[DTrace-devel] [PATCH] Add a block of zeroes to use to initialize BPF maps

Kris Van Hees kris.van.hees at oracle.com
Wed Aug 3 16:34:41 UTC 2022


There are cases in BPF code where we want to read a contiguous block of
zeroes.  Since the block is read-only, it can be shared among all CPUs and
among multiple purposes to save BPF map space (locked memory).  Create such
a block.

The 'strtab' map is a BPF_MAP_TYPE_ARRAY map that already reserves a block
memory at the end of its value to placate the BPF verifier, so we can just
use that (and enlarge it if needed).

For code generation, we need to know the offset of this region in the
strtab.  The offset cannot be known until after compilation, so the
relocation mechanism is used to patch in its value..
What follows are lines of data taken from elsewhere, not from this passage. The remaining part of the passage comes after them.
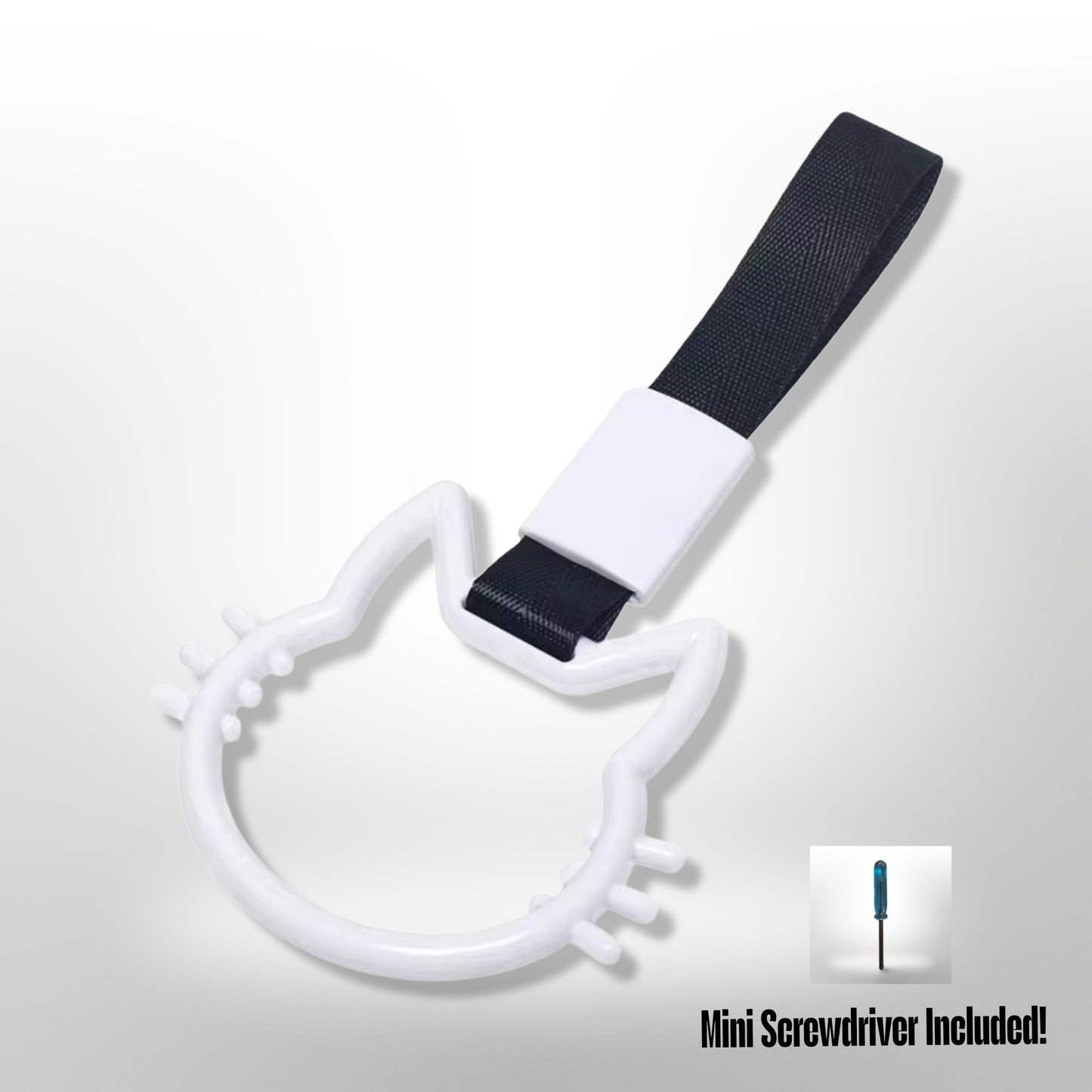 Car Handle / Tsurikawa JDM Style - White Cat, Black Strap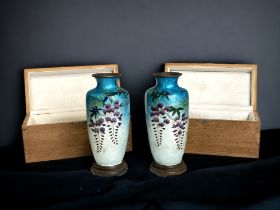 A pair of Japanese Ginbari Cloisonné vases. Mid-20th century. With original boxes and stands. On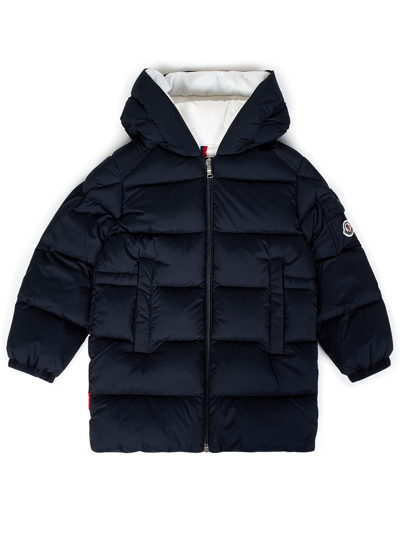 Moncler Kids' Blue Marat Down Jacket For Baby Boy With Logo In Ink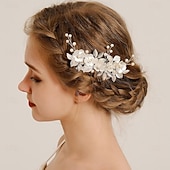 abordables Tocado para dama de honor-Peines de pelo Vestimenta de Cabeza Perla Artificial Legierung Boda cóctel Elegante Lujo Con Perlado Artificial Color Puro Celada Sombreros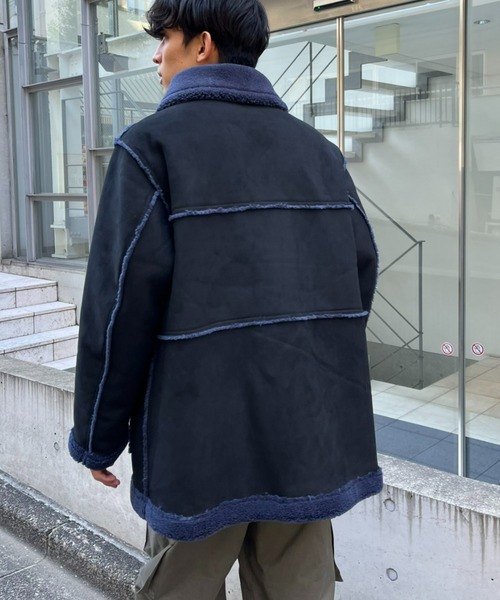 CIAOPANIC（チャオパニック）の「ビッグシルエット エコムートンランチコート（ムートンコート・メンズ・ブラック/ブラウン・MEDIUM/LARGE）」の6枚目の写真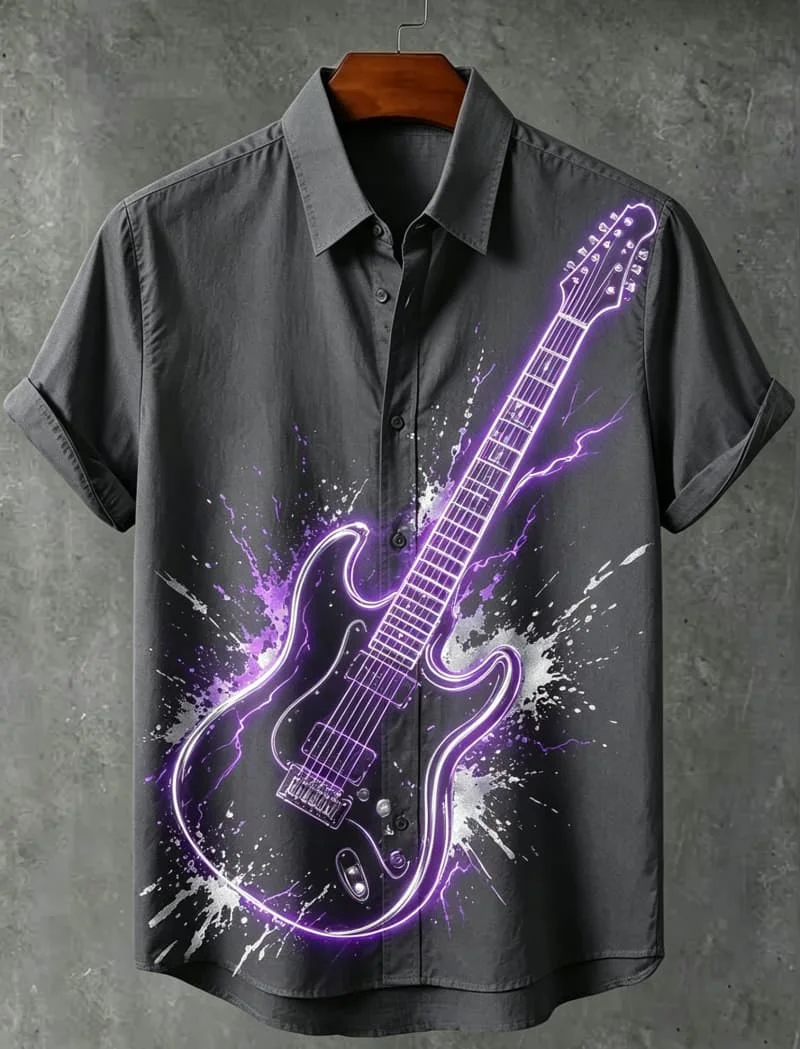 Colorful Watercolor Musical Instrument Short Sleeved Flower Shirt Niche Art Design Men's Loose Shirt Summer Street Versatile Top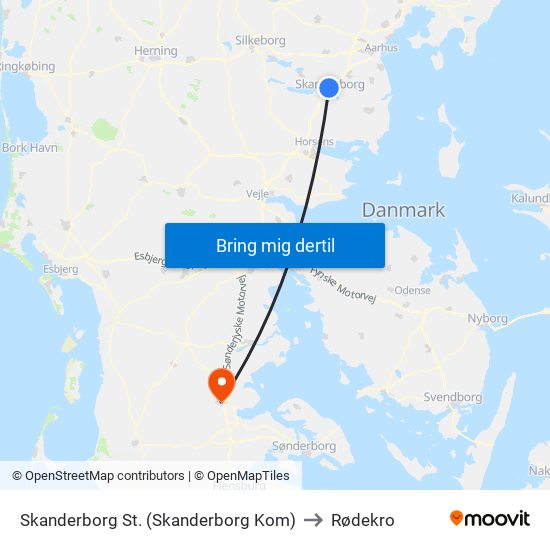 Skanderborg St. (Skanderborg Kom) to Rødekro map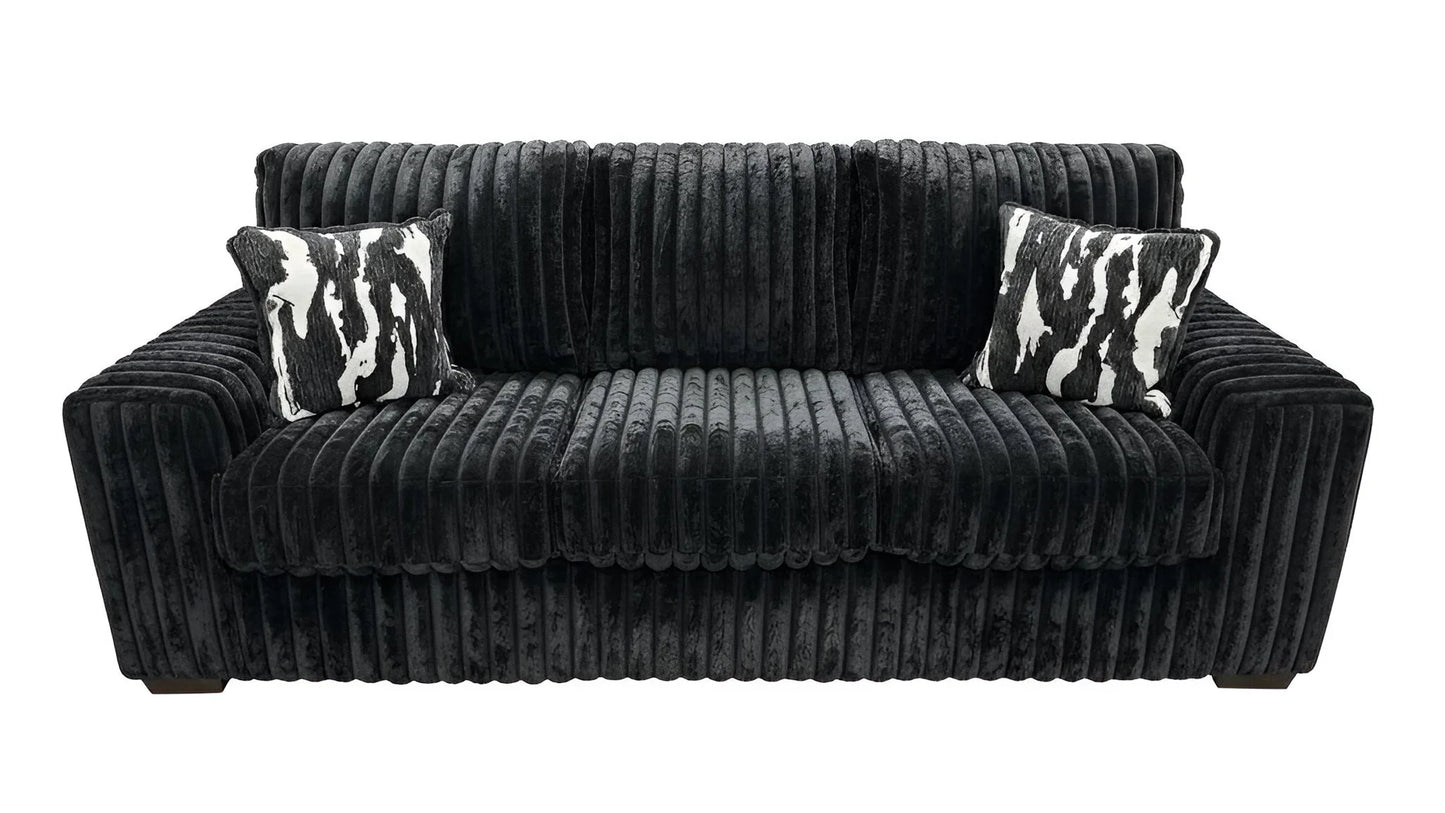Maverick Corduroy Sofa & Loveseat Set | Black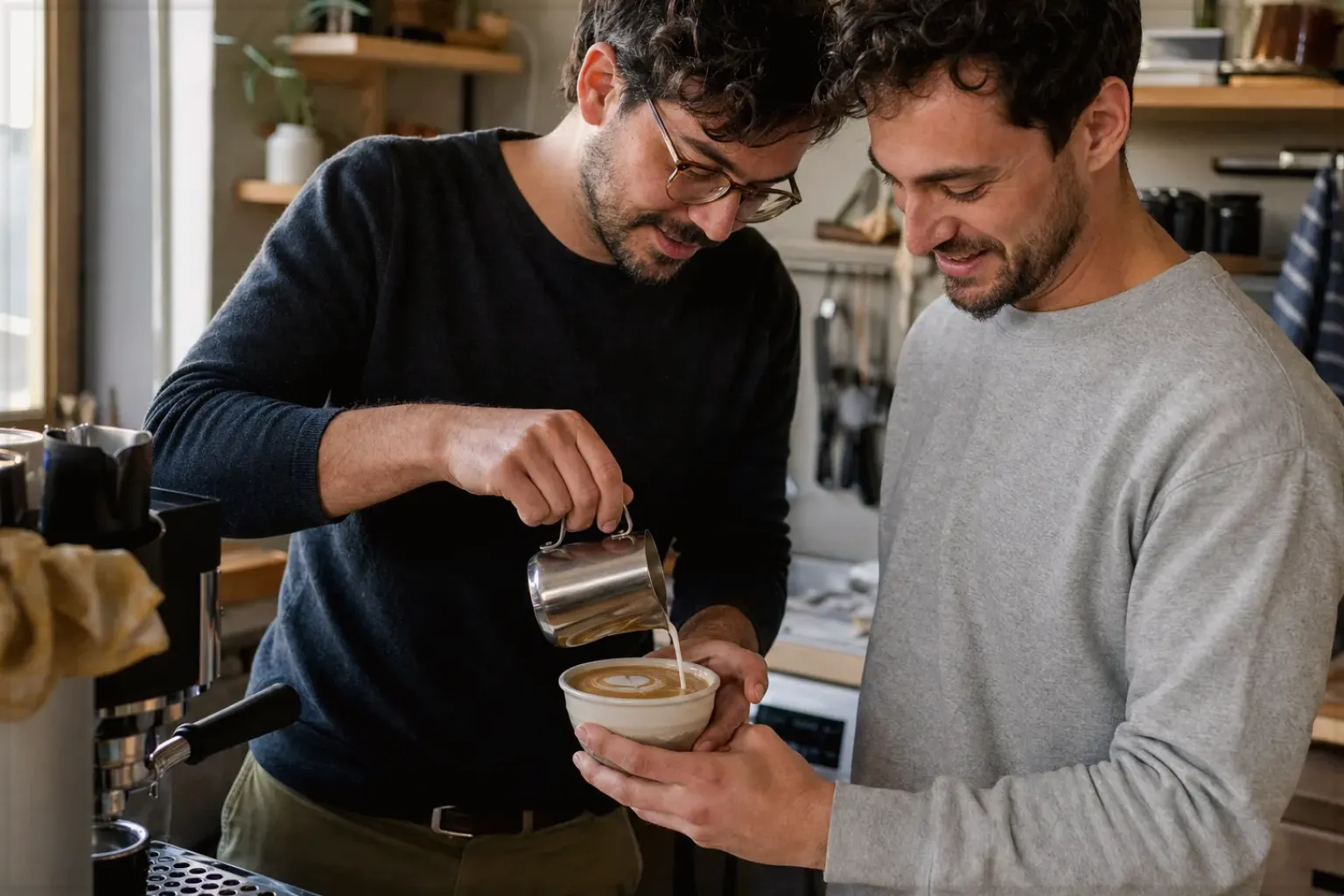 Zwei Freunde freuen sich in einer kleinen Küche über ihre gemeinsam gegossene Latte Art – gezeigt für Kleine Vollautomaten im Themenvergleich.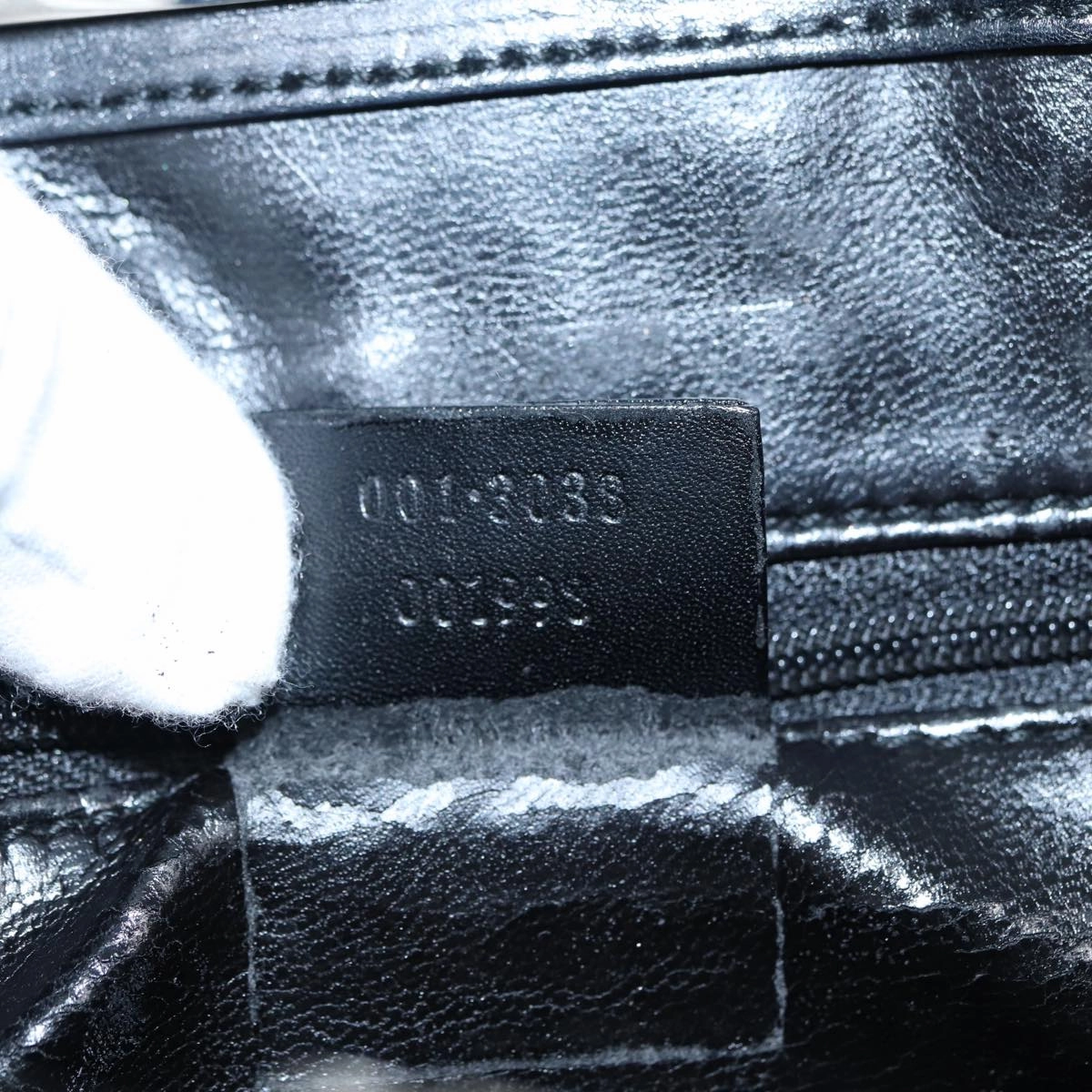 GUCCI Shoulder Bag Leather Black Silver 001 3038  ep5093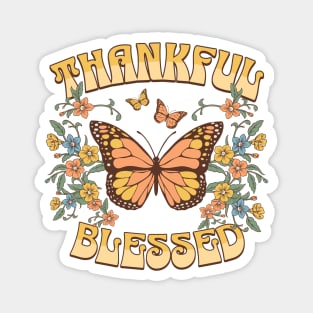 Thankful Blessed Pastel Butterfly Floral Retro Design Magnet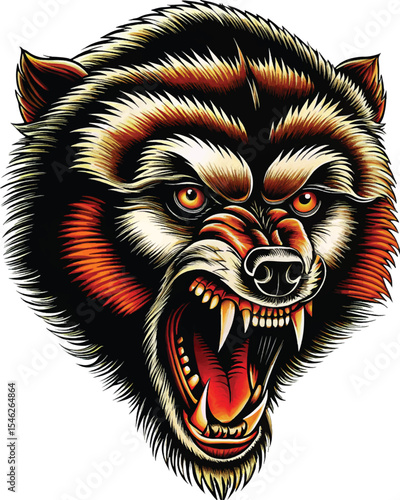 ferocious aggressive angry animal vector design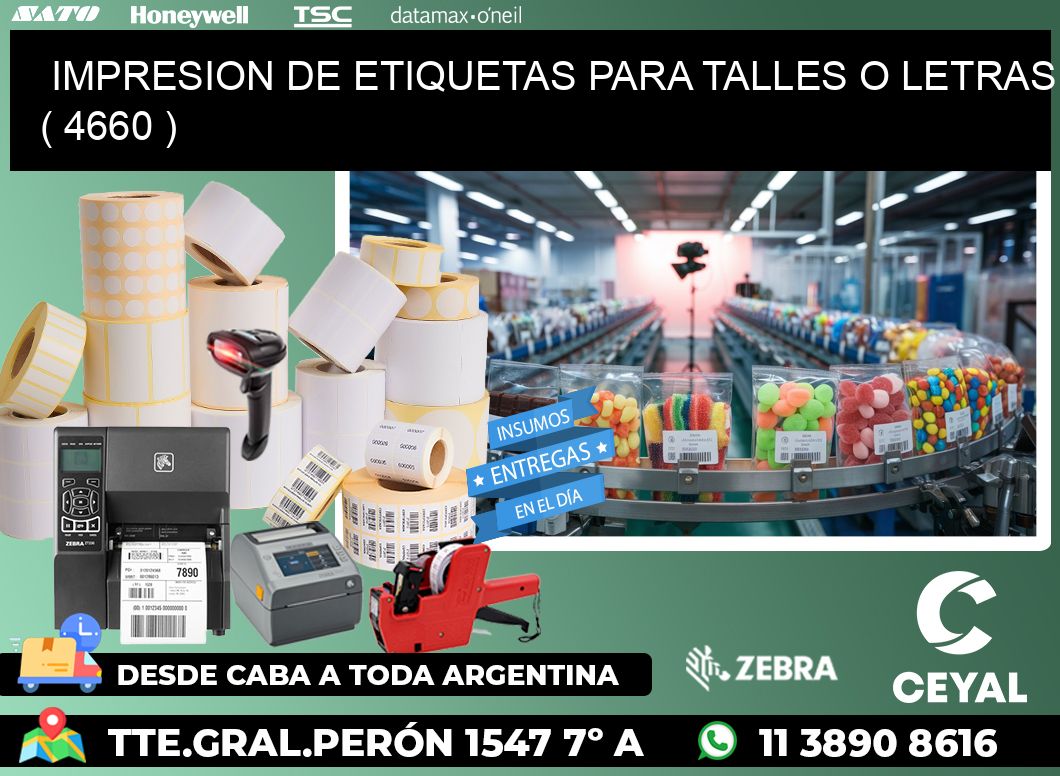 IMPRESION DE ETIQUETAS PARA TALLES O LETRAS ( 4660 )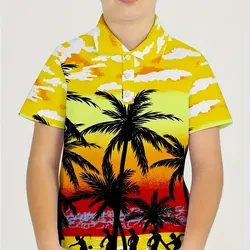 Fashion Casual Lapel Short Sleeve Polo Shirts Boys Children 3D Print Coconut Tree Pattern Summer Kids Beach Tops Shirt Clothing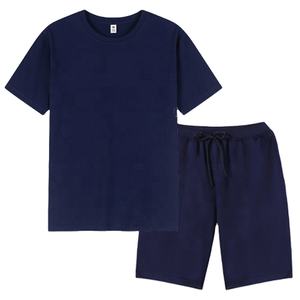 Conjunto de camiseta y pantalones cortos de algodón para hombre, conjunto de 2 piezas con Logo personalizado, de alta calidad, para verano - Product Image 2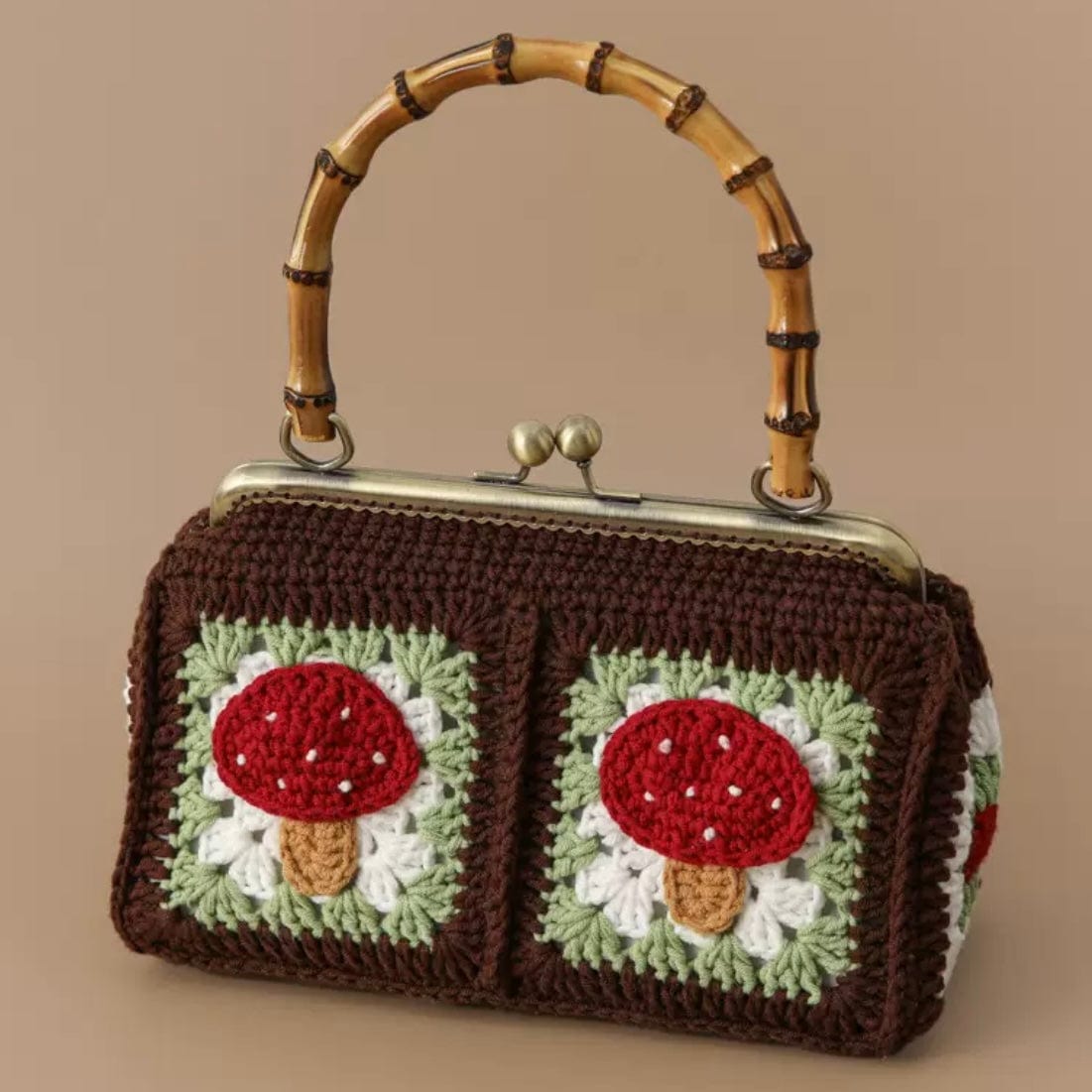 LayAura mushroom HANDMADE CROCHET BAMBOO HANDLE BAG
The dt_cg_zerosptr() function should be called to obtain the pointer value
to the memory block of zeros.  It will be stored in the given register.

Signed-off-by: Eugene Loh <eugene.loh at oracle.com>
Signed-off-by: Kris Van Hees <kris.van.hees at oracle.com>
Reviewed-by: Kris Van Hees <kris.van.hees at oracle.com>
---
 libdtrace/dt_bpf.c   | 30 +++++++++++++++++-------------
 libdtrace/dt_bpf.h   |  1 +
 libdtrace/dt_cc.c    |  3 +++
 libdtrace/dt_cg.c    | 14 ++++++++++++++
 libdtrace/dt_dlibs.c |  1 +
 libdtrace/dt_impl.h  |  2 ++
 6 files changed, 38 insertions(+), 13 deletions(-)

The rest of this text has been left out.